What to produce>
Ignoring the pictures, repeat every entry below exactly as it appears.
── Data extracts ──
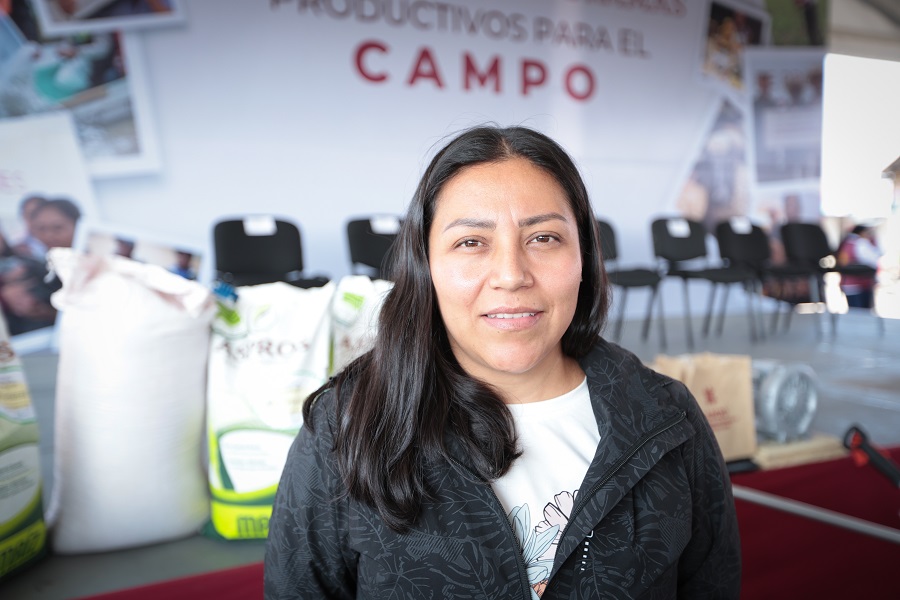 Ignacia Escorcia Islas, testimonio que honra al campo hidalguense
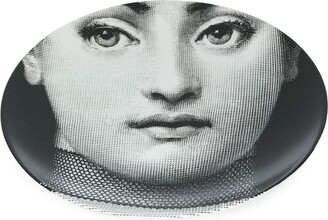 Fornasetti Face Print Plate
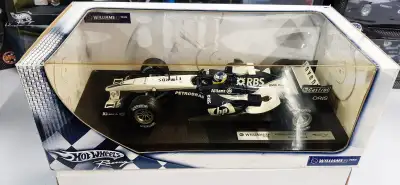 2005 BMW FW27 Williams Formula One F1 Nick Heidfeld diecast mode, View more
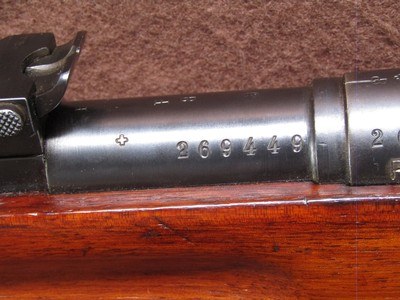 Schmidt Rubin K11 7.5x55 Swiss Straight Pull Bolt 30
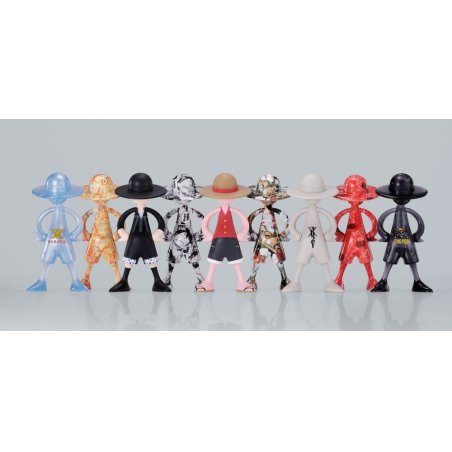 One Piece Luffy's Archive of Adventure Mini Figure Blind Box Assortment (10)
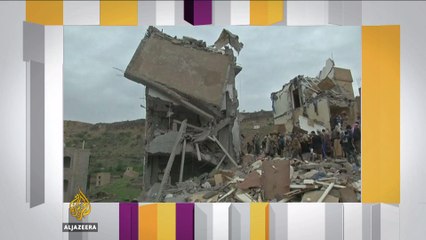 Who has committed war crimes in Yemen?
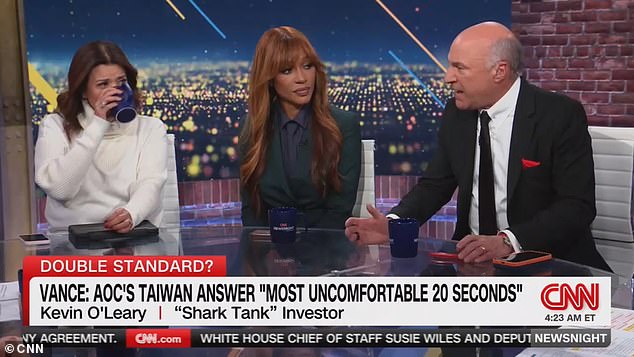 CNN panel clashes over AOC's foreign policy answer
───
Solution>
 Ignacia Escorcia Islas, testimonio que honra al campo hidalguense
 Fornasetti Face Print Plate
 2005 BMW FW27 Williams Formula One F1 Nick Heidfeld diecast mode, View more
 Schmidt Rubin K11 7.5x55 Swiss Straight Pull Bolt 30
 One Piece Luffy's Archive of Adventure Mini Figure Blind Box Assortment (10)
 Who has committed war crimes in Yemen?
 CNN panel clashes over AOC's foreign policy answer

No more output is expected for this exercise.